Parole che suonano ancora più avvilenti nel giorno in cui i dati diffusi dal Centro di Coordinamento nazionale certificano un nuovo calo nel tasso di raccolta e avvio a trattamento dei rifiuti da apparecchiature elettriche ed elettroniche. Che di materie strategiche come litio, cobalto o rame sono ricchi e che per questo l’Ue ci chiede di riciclare fino a garantire, entro il 2030, almeno il 25% del fabbisogno dell’industria continentale. Peccato che la raccolta sia passata dal 34,01% del 2022 al 30,24 nel 2023 (quasi 35 punti percentuali in meno rispetto all’obiettivo Ue del 65%). Volumi che non consentono il raggiungimento delle economie di scala necessarie a garantire il ritorno degli investimenti in tecnologie avanzate per il recupero delle materie critiche e strategiche dai raee. “Bisogna aumentare i flussi di materiali per rendere convenienti gli investimenti – chiarisce il dg di ECO – c’è una varietà e gradualità di interventi da mettere in campo, ma questi vengono puntualmente rimandati”. Il via libera del governo al decreto sulle materie prime critiche rappresenta, da questo punto di vista, l’ennesima occasione mancata.

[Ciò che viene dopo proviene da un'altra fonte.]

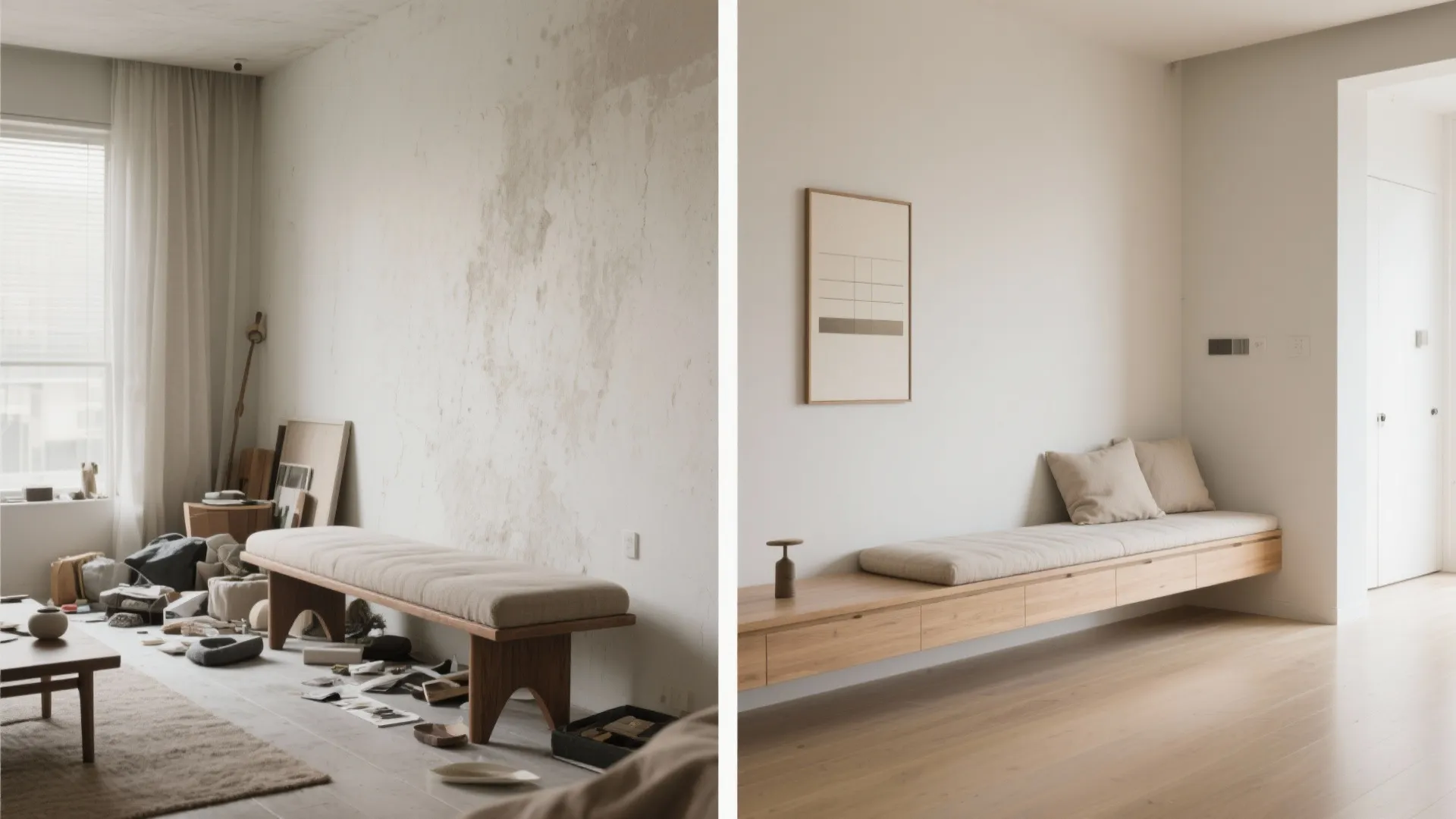 Before-and-after view: bulky bench versus a floating built-in bench that opens floor space.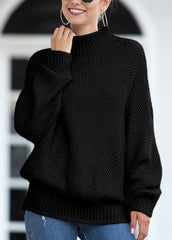Long Sleeve Turtleneck Solid Color Sweater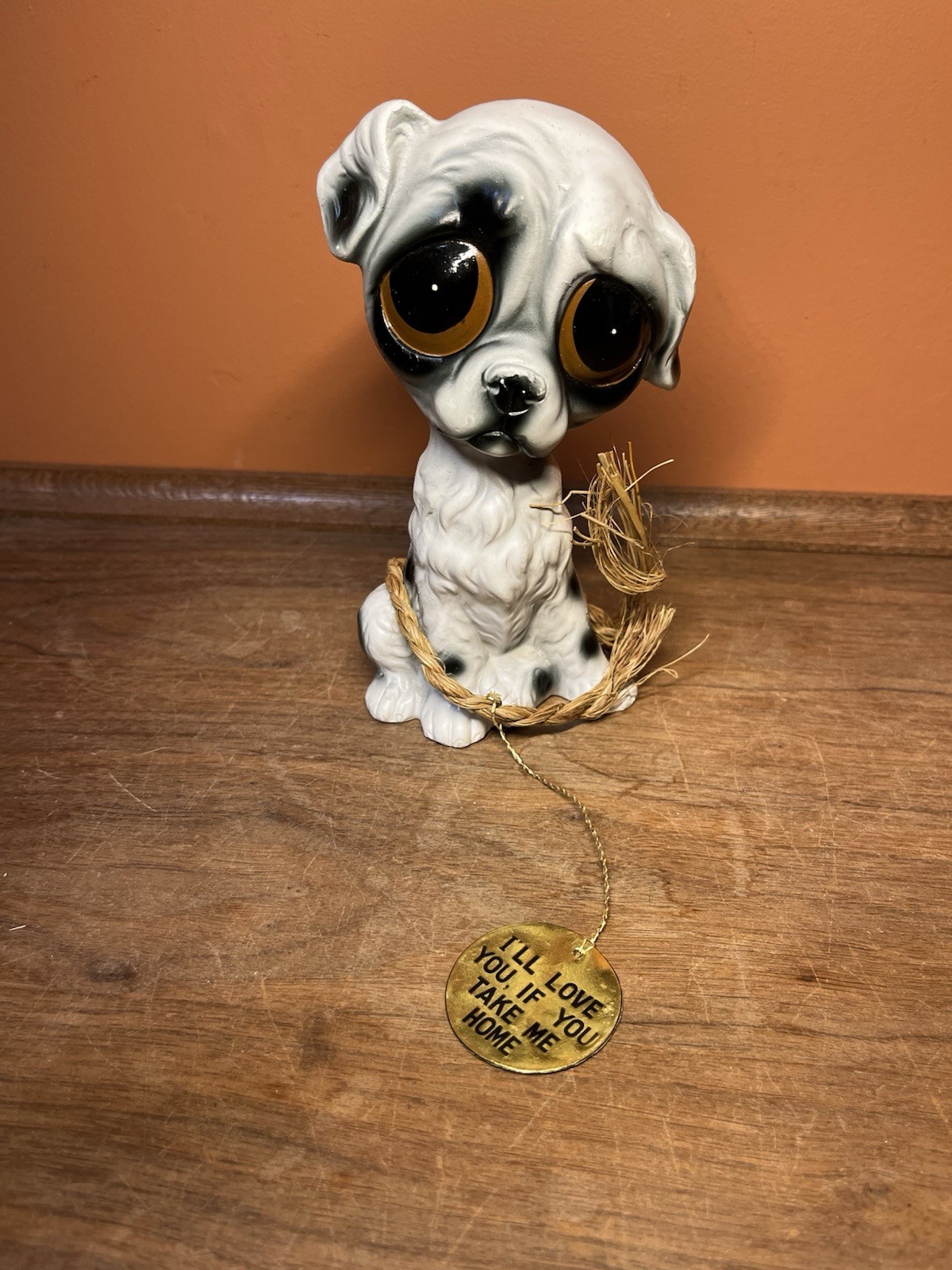 Enesco Big Sad Eyes Dog Figurine Vintage Hollow Statue Kitschy Cute Retro Decor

Non tutto è perduto, visto che dopo la pubblicazione in Gazzetta Ufficiale il decreto dovrà essere discusso ed emendato dal Parlamento. “Speriamo che in fase di conversione ci sia lo spazio per far comprendere ai legislatori l’importanza dei rifiuti tecnologici nel quadro delle strategie di approvvigionamento delle materie prime critiche – chiarisce Bonato – inserendo nel decreto misure che in primo luogo aumentino gli investimenti degli operatori in azioni di sensibilizzazione dei cittadini. Poi – aggiunge – serve rendere semplici le modalità di conferimento dei rifiuti, visto che siamo ancora vincolati a un decreto ministeriale del 2010 che rende molto burocratico e complesso per i distributori gestire la restituzione dei prodotti a fine vita. Senza dimenticare – prosegue – il tema dei controlli. Ancora oggi flussi di raee spariscono dai radar per finire nei canali grigi dei trattamenti non ottimali, se non addirittura in quelli del traffico illecito. Da ultimo, bisogna creare le condizioni perché gli impianti possano investire, con incentivi mirati che oggi invece mancano. Si tratta di proposte operative che abbiamo già tradotto in possibili interventi legislativi. Speriamo che in fase di conversione il Parlamento ci dia la possibilità di arricchire il testo del governo”. Anche perché, chiarisce Bonato, “se il ‘mining’ tradizionale potrà, forse, dare i suoi risultati nell’arco di una decina di anni, il riciclo rappresenta una risposta concreta e immediata“.